Tom Temin: We’re speaking with Greg Godbout. He’s chief growth officer of software developer, Fearless. And yes, so the other end of that is, you’ve implied, is that there’s this huge spending gush in the fourth quarter. And to some extent, there’s always been a fourth quarter spending boom, but maybe it was another 10% or another 15%. Now it looks like most of the money could end up being expended in the fourth quarter, and to the third and fourth, and so agencies could make a lot of mistakes then, it seems like?

Greg Godbout: I think that’s part of the risk. And I think agencies will, like I first talked about, they’ll find as many ways as possible to try to modify existing contracts, to try to get as much money out. But at the end of the day, we could be looking at a record fourth quarter that hasn’t been seen before in the sense of like, urgency and quick contracts. And I think you’re gonna see some contracts, not get their follow-on money, which means in appropriations wise, they will probably lose that appropriations and that budget for the next year. I think you’re also going to see so much pressure and stress. I kind of feel bad for the contracts officers, actually. Can you imagine what that quarter is going to look like, with program managers breathing down their necks, going “get my money on a contract” or something like that? And that’s going to create stress and mistakes, you know, like any other job when you have a pressure cooker. So it’s worrisome, it’s something the government needs to start dealing with right now, so it doesn’t become a true emergency.

Tom Temin: So if you are a program manager, or you are a chief technology officer, or someone concerned with the development of requirements that will eventually get translated to a contract, I’m guessing that the best strategy you can have is get your requirements established as early as you can, to give the contracting officer some time.

Greg Godbout: That’s a good point. I would definitely try to push as much upfront as possible and try to create a selection process that’s more efficient than in the past. That might mean using perfectly legal, but you could go to the schedules, for example, and you could pick three companies out that you want to go to and ask those three to bid on it. I would be doing everything I can to bring down the time it takes to execute that contract. So, we’ve always needed innovation and acquisitions, now’s the time to execute it so they can get caught up.

Tom Temin: Yeah, because there’s another factor in here, and that is as agencies move to the agile methodologies, the soft DevOps type of concept, you might have an overall eventual program or system in mind, but you’re not developing it in that waterfall way and throwing 300 pages of requirements over to a contractor. You’re doing it in scrums and in releases and testing them and vetting them with users and all of that. So how does that overlay with the need to get contracts out when you’re actually looking for lots of test orders but maybe only one contract?

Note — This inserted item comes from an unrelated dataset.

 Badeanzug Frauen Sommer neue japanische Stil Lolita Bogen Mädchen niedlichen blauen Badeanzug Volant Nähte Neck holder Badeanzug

Greg Godbout: It’s going to be very difficult. I mean, the longer the contract process, the more difficult the second half of this year is going to be. So, I just hope everybody is aware of it. And again, the numbers are on new contracts, right? If you look at the number of new contracts this quarter, it is alarmingly low. And it’s unfortunate because it’s one of those things that, this is why we need government to work better. This is just an example of government needs to be more efficient on these things so that acquisitions isn’t driving quality of service in government, but acquisitions is a driver of good quality services, right? And that the quality services are what we’re buying.

Tom Temin: Greg Godbout is chief growth officer at Fearless. Thanks so much for joining me.

Greg Godbout: Thank you. I had a great time, Tom.